Le cinéma a pu parfois, lorsqu’il échappe à sa seule réduction naturaliste et de simulacre, faire naître une réflexion, une pensée par le cinéma de fiction ou des films essais sur le fait politique nazi (ou fasciste) et leur barbarie – j’exclus ici de parler du genre documentaire où existent de grands films tels Nuit et brouillard de Resnais, Belzec de Guillaume Moscowitz, Shoah de Lanzmann …. Citons quelques auteurs qui dans les genres cinématographiques de la fiction ou de l’ essai me paraissent essentiels : Jean-Luc Godard dans Histoire(s) du cinéma (et ailleurs), Pasolini dans Salo, Arnaud Des Pallières avec Drancy Avenir, Jean – Marie Straub et Danièle Lhuillet avec Non réconciliés… Tous ces artistes interrogent ou impliquent notre présent et l’avenir au regard ou comme continuité du passé nazi.
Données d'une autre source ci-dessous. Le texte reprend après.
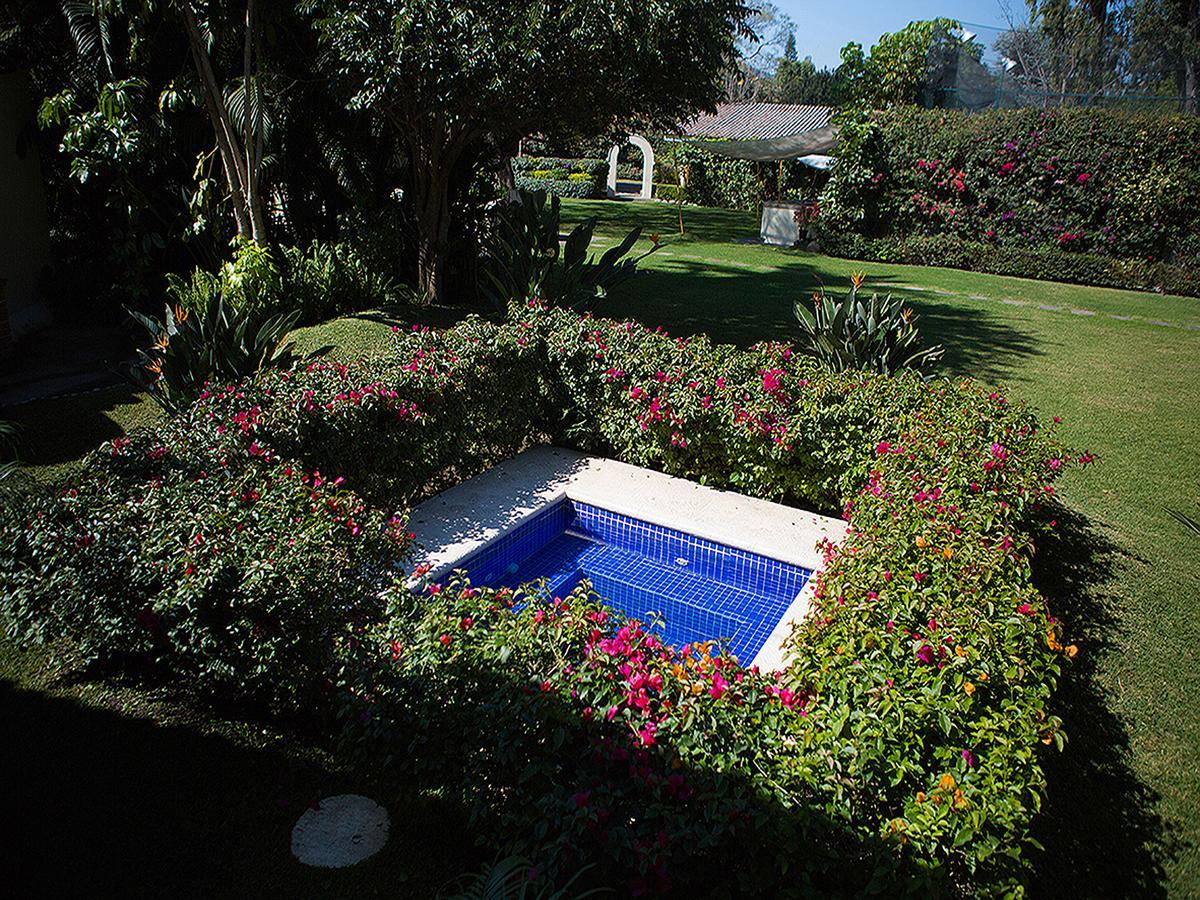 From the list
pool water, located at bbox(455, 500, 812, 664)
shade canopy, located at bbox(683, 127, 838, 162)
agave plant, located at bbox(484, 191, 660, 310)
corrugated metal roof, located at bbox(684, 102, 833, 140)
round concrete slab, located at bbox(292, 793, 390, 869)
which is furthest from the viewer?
corrugated metal roof, located at bbox(684, 102, 833, 140)

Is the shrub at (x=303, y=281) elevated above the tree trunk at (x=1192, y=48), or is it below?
below

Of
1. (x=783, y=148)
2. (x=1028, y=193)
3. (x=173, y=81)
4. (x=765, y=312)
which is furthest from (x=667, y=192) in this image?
(x=173, y=81)

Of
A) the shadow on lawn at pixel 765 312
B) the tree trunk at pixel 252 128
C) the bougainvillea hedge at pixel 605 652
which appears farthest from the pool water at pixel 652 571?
the tree trunk at pixel 252 128

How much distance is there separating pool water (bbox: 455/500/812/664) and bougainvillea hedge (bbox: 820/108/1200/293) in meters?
14.9

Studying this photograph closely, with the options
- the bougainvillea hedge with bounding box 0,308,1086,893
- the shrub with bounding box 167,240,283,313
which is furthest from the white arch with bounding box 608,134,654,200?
the bougainvillea hedge with bounding box 0,308,1086,893

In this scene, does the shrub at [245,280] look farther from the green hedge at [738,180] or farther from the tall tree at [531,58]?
the green hedge at [738,180]

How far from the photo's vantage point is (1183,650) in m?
4.75

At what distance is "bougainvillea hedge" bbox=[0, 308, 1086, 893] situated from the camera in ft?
8.41

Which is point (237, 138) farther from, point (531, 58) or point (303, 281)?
point (531, 58)

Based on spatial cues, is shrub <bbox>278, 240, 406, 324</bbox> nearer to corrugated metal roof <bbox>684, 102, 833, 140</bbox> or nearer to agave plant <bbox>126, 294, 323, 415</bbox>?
agave plant <bbox>126, 294, 323, 415</bbox>

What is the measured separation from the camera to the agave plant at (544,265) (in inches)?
393

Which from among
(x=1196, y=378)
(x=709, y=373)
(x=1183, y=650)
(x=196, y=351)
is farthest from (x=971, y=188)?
(x=196, y=351)

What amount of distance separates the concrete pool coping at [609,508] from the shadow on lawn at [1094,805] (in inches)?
61.5

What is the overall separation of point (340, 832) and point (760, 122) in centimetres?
3717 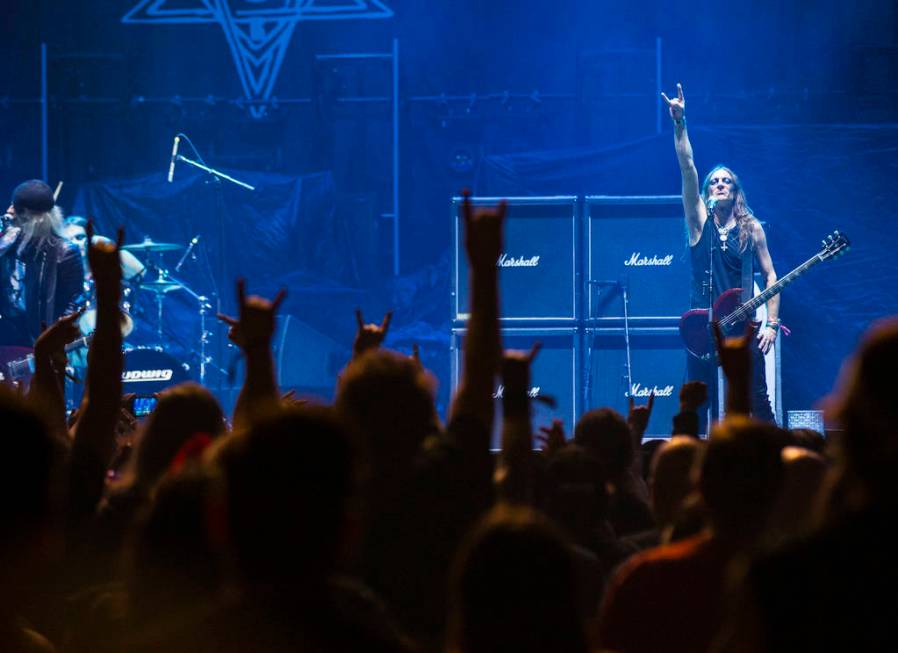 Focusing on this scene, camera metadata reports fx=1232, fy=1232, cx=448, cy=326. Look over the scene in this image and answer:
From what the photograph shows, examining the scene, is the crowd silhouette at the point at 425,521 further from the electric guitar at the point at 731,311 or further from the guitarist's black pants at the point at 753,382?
the electric guitar at the point at 731,311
Les cinéastes allemands à la suite du Manifeste d’Oberhausen (Alexandre Kluge, Edgard Reitz n’ont pas été en reste, au moins par la volonté politique d’interroger et de vouloir rompre avec l’Allemagne de leurs pères ). Citons surtout Hans Jurgen Syberberg dans son monumental Hitler, un film d’Allemagne qui interroge l’emprise d’Hitler sur les masses et le deuil impossible de la barbarie ou Rainer- Werner Fassbinder qui regarde l’Allemagne fédérale et son « miracle économique » à l’aune de l’héritage du nazisme. Ces deux derniers ont d’ailleurs renouvelé les formes cinématographiques en détruisant codes et récits filmiques.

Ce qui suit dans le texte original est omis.